A abominável Amarante

Não via a hora. Era sempre assim: chegavam as férias e eu ficava ansioso para passar uns dias na casa dos primos. Era uma grande aventura da qual eu não abriria mão por nada.

Embora morássemos no Interior, a cidade era grande para os padrões estaduais, nada comparado com o cotidiano pacato e misterioso que cercava a Vila, que distava cerca de vinte quilômetros de onde morávamos.

Minha tia vivia numa espécie de sítio, na parte alta da Vila, de onde se avistava a linha férrea, que passava ao pé do morro, margeando o rio, onde a molecada passava o dia mergulhando e pescando, às vezes.

O sítio era tudo de bom. Entre as muitas árvores frutíferas, havia jaqueiras centenárias, cajueiros, coqueiros, laranjeiras, mangueiras e frutas tropicais mais raras, típicas da nossa região.

A minha tia morava numa casa antiga, feita de blocos de barro e taipa; uma espécie de barro batido, colocado minuciosamente entre vãos de madeira e cipós amarrados; madeira esta, colhida nas matas próximas, já que a propriedade era cercada de um matagal denso, com morros relativamente altos. Tinha também a casa de farinha, onde nos fartávamos com os beijus, tapiocas, bolos de aipim e farinha de mandioca quentinha, feita na hora.
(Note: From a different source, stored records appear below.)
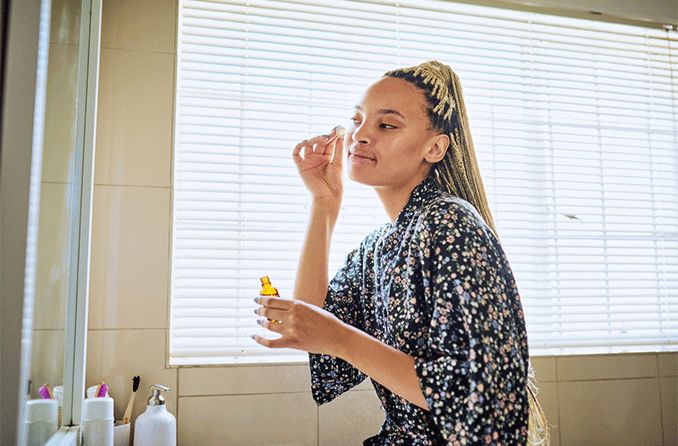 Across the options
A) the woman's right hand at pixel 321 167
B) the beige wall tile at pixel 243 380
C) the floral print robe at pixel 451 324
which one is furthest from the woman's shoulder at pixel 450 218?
the beige wall tile at pixel 243 380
É Certo que as vezes também ajudávamos a ralar a mandioca e a mexer a farinha no forno quente movido à lenha, quando os mais velhos deixavam. Jogávamos bola nos campos improvisados embaixo das árvores. Catávamos castanhas de caju para assar no tacho quente, quando era a época. Subíamos nas arvores, entre outras traquinagens. Não constantemente, pulávamos o muro do cemitério, corajosos e temerosos ao mesmo tempo. Não tinha falado ainda, mas, o pequeno cemitério branco, da Vila, ficava bem nos fundos da propriedade da minha tia. Isso criava o clima perfeito para as estórias de assombração que se ouvia no lugar.

Os avistamentos de visagens e almas penadas eram constantes, e os relatos; deliciosamente assustadores.

Entre uma estória e outra de assombração; caipora, saci, lobisomem, entre outras, havia uma que nos fascinava, por parecer a mais real de todas: a Amarante.

Se, durante o dia, traquinávamos bastante, a noite, ficávamos apreensivos e fascinados quando íamos a casa de tia Marocas.

Tia Marocas morava a cem metros da casa da minha tia. Era uma senhora branca, com idade avançada. Nunca casara, nem tivera filhos. Tinha um problema nas pernas que a fazia andar bem devagar, segundo ela, causado por uma injeção mal aplicada, quando ainda era jovem. Sua pequena casa feita de taipa, rodeada de árvores, tinha ao seu lado esquerdo um frondoso pé de seriguela que sombreava um terreiro limpíssimo, bem varrido, com folhas de dendezeiro. Ficávamos sentados em tamboretes de madeira, arrumados minuciosamente na pequena sala de terra batida. Tia Marocas começava a contar as estórias, sempre ricas em detalhes, todos com os olhos fitos, respiração acelerada, lá estávamos, ouvindo os terríveis feitos da Amarante. Um ser misterioso que vivia trancado num dos quartos da pequena casa e que ela jurava existir.

- Ainda me lembro do dia - dizia ela - quando a Amarante devorou meia dúzia de gatos que perambulava pelo quintal...

- É mesmo, tia Marocas? conte a gente como foi, conte!

- ... Ah, isso aconteceu faz muito tempo, vocês não eram nascidos ainda...

E assim, sentada no banquinho, segurando a sua bengala, ela relatava a estória, enquanto o candeeiro nos iluminava num clima de medo e magia.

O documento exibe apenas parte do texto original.